Accessing Cloud Data
Also available as:
PDF
loading table of contents...

S3Guard: Known Issues

The following known issues have been identified while testing S3Guard.

Credentials in URLs are unsupported

S3Guard cannot be used when the AWS login credentials are in the S3 URL (HADOOP-15422)

Putting AWS credentials in the URLs such as s3a://AWSID:SECRETKEY/bucket/path() is very insecure, because the paths are widely logged: it is very hard to keep the secrets private. Losing the keys can be expensive and expose all information to which the account has access. S3Guard does not support this authentication mechanism. Place secrets in Hadoop configuration files, or (Better) JCECKs credential files.

Error when using trailing / in some hadoop fs commands

Some hadoop fs operations fail when there is a trailing / in the path, including the fs -mkdir command:

$ hadoop fs -mkdir -p s3a://guarded-table/dir/child/

  mkdir: get on s3a://guarded-table/dir/child/:
  com.amazonaws.services.dynamodbv2.model.AmazonDynamoDBException:
  One or more parameter values were invalid:
  An AttributeValue may not contain an empty string (Service: AmazonDynamoDBv2;
  Status Code: 400; Error Code: ValidationException

There is a straightforward workaround: remove the trailing / if a command fails.

$ hadoop fs -mkdir -p s3a://guarded-table/dir/child/

Fix: remove a trailing / if the fs -mkdir command fails.

The hadoop s3guard command output contains the error message “hadoop-aws.sh was not found”

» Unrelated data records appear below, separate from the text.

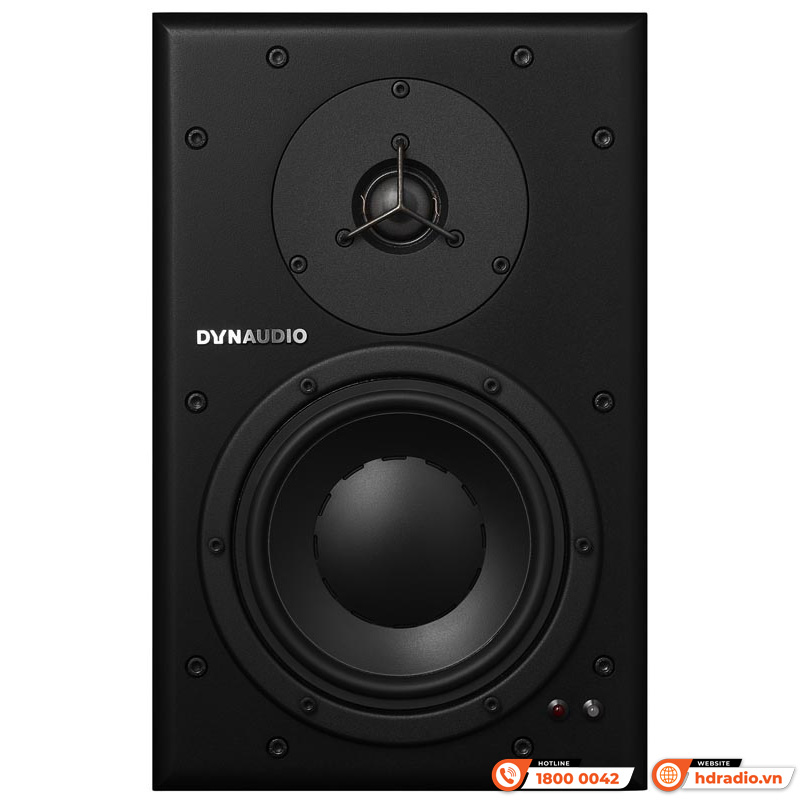 Loa Dynaudio BM6A, Bass 16.5 cm, 200W, 118dB, 41 Hz - 21 kHz-1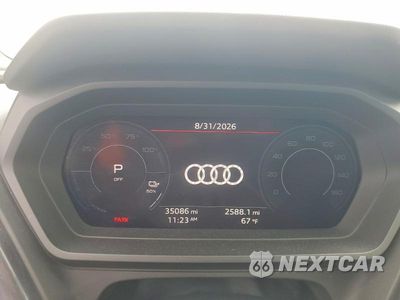 Zdjęcie 9 z 14 samochodu: 2023 AUDI Q4 E-TRON SPORTBACK PRESTIGE VIN:WA142BFZ3PP018601 - miniatura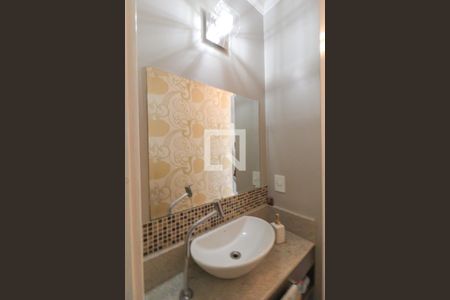 Lavabo de apartamento para alugar com 3 quartos, 160m² em Jardim Ermida I, Jundiaí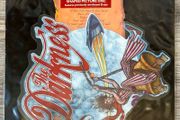 The Darkness - Christmas Time (Don't Let The Bells End) - 7" vinyl picture disc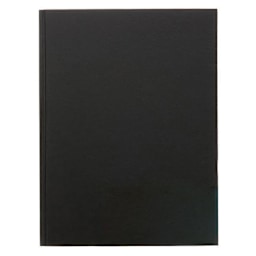Art Alternatives Hardbound Sketchbook - 8-1/2" x 11" 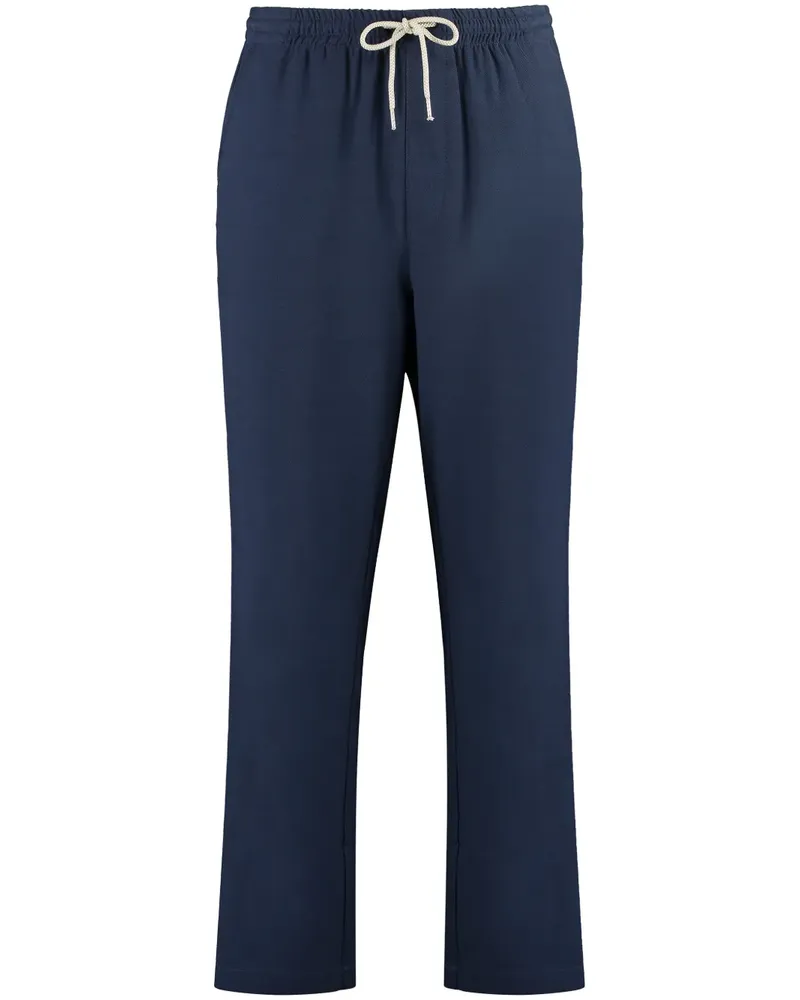 Department 5 Brewery Hose - Blau Blau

This is a warning message about a file which is not found in HDP and which is not actually needed by the s3guard command. It is safe to ignore.

Failure handling of rename() operations

If a rename() operation fails partway through, including due to permissions, the S3Guard database is not reliably updated.

If this rename failed due to a network problem it's moot: if an application can't connect to S3, then DynamoDB will inevitably be unreachable; updates will be impossible. It can also surface if the bucket has been set up with complex permissions where not all callers have full write (including delete) access to the bucket. S3Guard, (and the S3A connector), prefers unrestricted write access to an entire R/W bucket.